Records
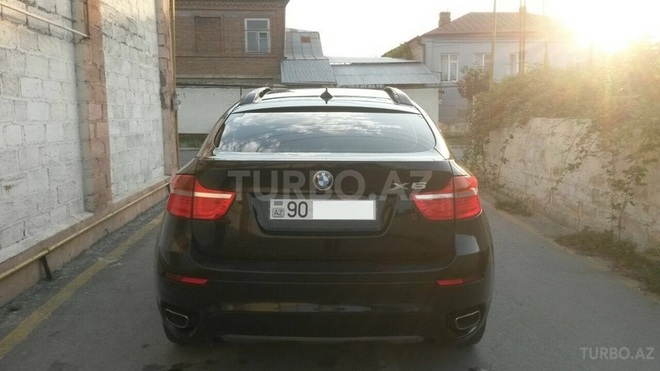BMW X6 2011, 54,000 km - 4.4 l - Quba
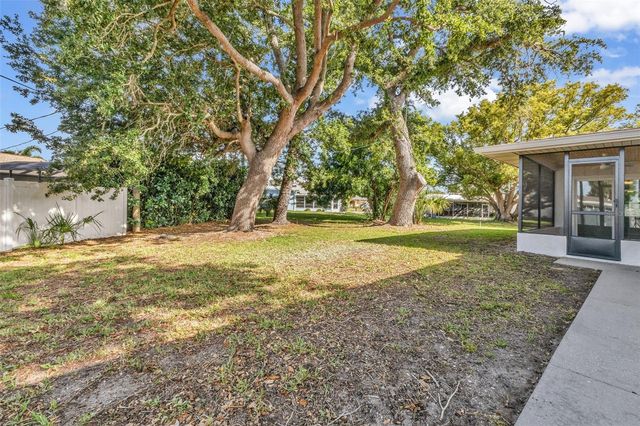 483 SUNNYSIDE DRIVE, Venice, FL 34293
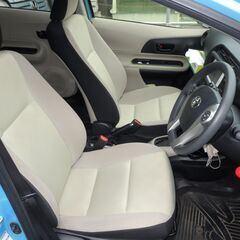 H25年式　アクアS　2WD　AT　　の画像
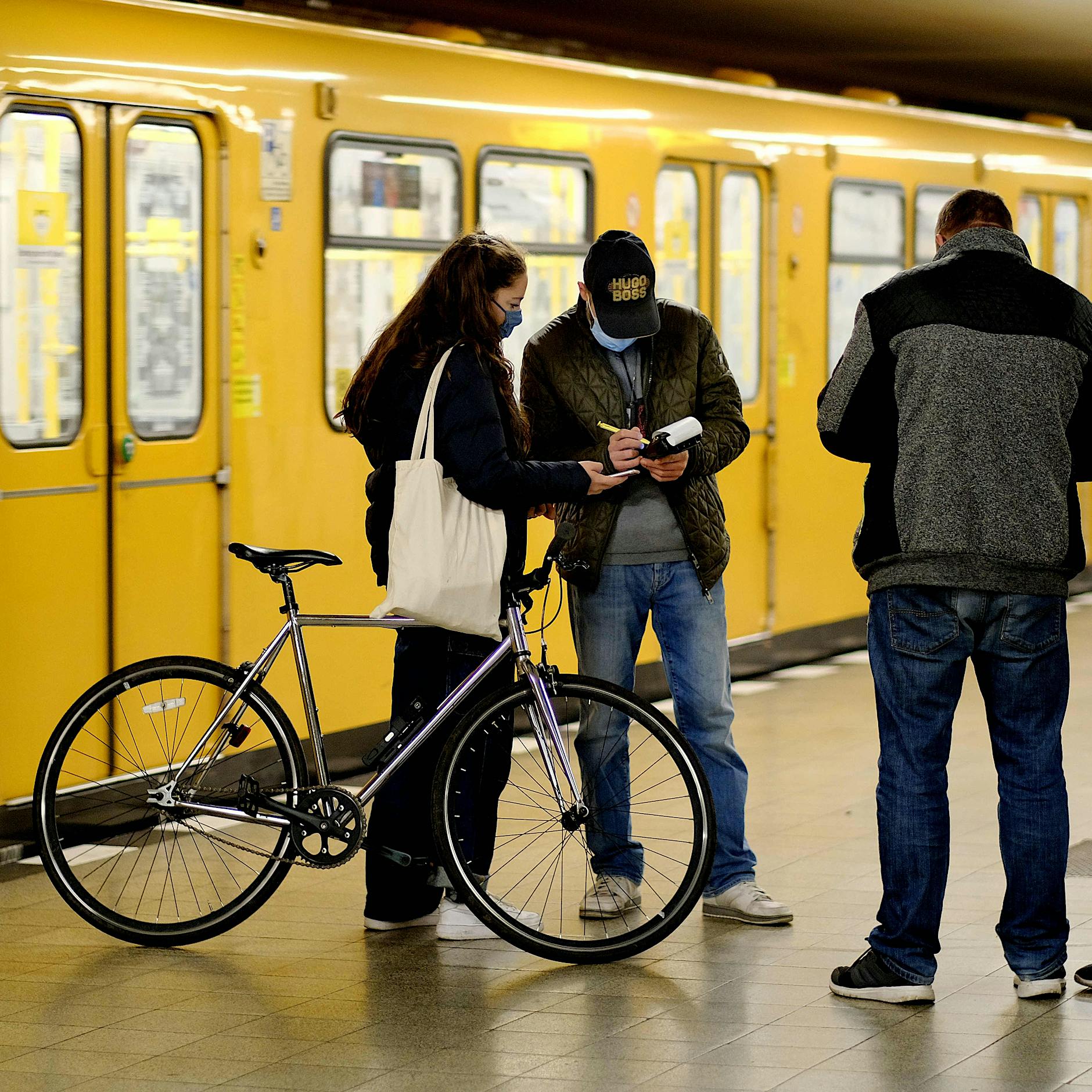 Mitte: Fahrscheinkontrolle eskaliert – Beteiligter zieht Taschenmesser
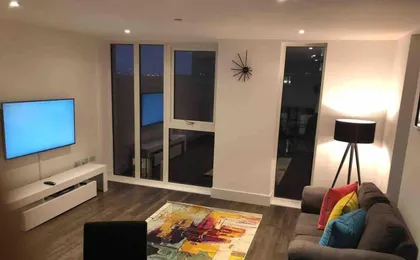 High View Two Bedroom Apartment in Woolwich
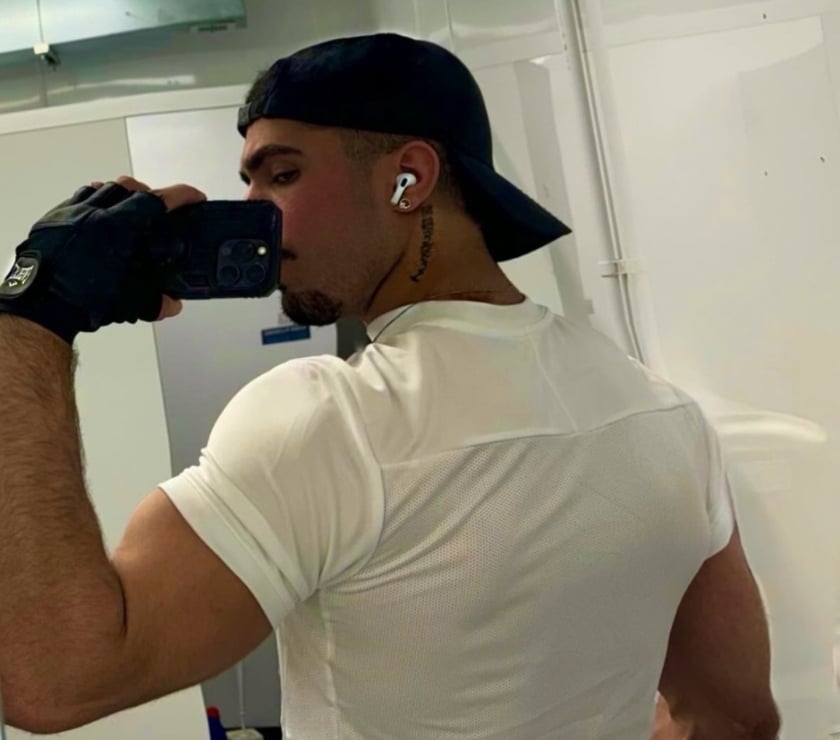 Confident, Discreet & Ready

What to do
Line by line, print the records above exactly, skipping each picture.

Answer box
BMW X6 2011, 54,000 km - 4.4 l - Quba
 483 SUNNYSIDE DRIVE, Venice, FL 34293
 H25年式　アクアS　2WD　AT　　の画像
 Mitte: Fahrscheinkontrolle eskaliert – Beteiligter zieht Taschenmesser
 High View Two Bedroom Apartment in Woolwich
 Confident, Discreet & Ready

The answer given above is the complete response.